Wednesday, December 15, 2010

The Buried Life

(I wrote this post forever ago. In the midst of my mid-terms. Now that I'm in the midst of finals, I thought of it again. This is such a lovely poem. Read it all and you'll be glad you did)


Really loving this poem from Matthew Arnold right now

Yes, yes, we know that we can jest,
We know, we know that we can smile!
But there's a something in this breast, 
to which thy light words bring no rest...
Give me thy hand, and hush awhile,
and turn those limpid eyes on mine,
and let me read there, love! they inmost soul


I knew the mass of men concealed
Their thoughts, for fear that if revealed
They would by other men be met
With blank indifference, or with blame reproved;
I knew they lived and moved
Tricked in disguises, alien to the rest
of men, and alien to themselves - and yet
the same heart beats in every human breast!

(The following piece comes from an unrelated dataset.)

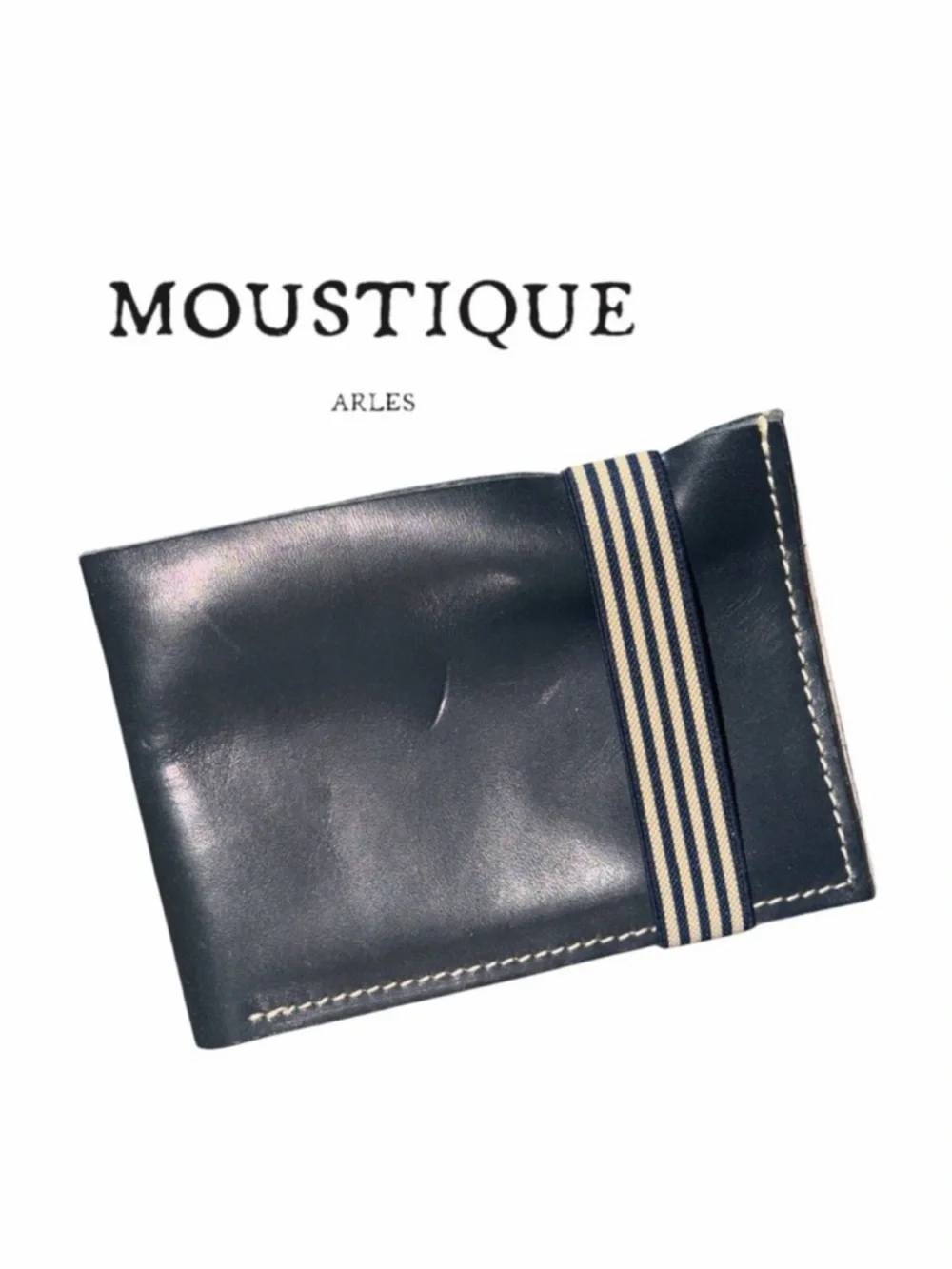 Moustique Arles Men’s Bifold Navy Blue Leather Wallet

But we, my love! doth like a spell benumb
Our hearts, our voices? - must we too be dumb?
Ah! well for us, if even we, 
Even for a moment can get free
Our heart, and have our lips unchained;
For that which seals them hath been deep-ordained


Fate foresaw the distractions that would possess man,
How he would pour himself in every strife, and well-night change his own identity - 
that it might keep from his capricious play
His genuine self ....
and that we should not see 
The buried stream, and seem to be
eddying at large in blind uncertainty,
Though driving on with it eternally



and the best part:


Only - but this is rare - 
When a beloved hand is laid in ours,
When, jaded with the rush and glare
of the interminable hours,
Our eyes can in another's eyes read clear, 
When our world-deafened ear
Is by the tones of a loved voice caressed -
A bolt is shot back somewhere in our breast,
And a lost pulse of feeling stirs again.
The eye sinks inward, and the heart lies plain,
And what we mean, we say, and what we would, we know.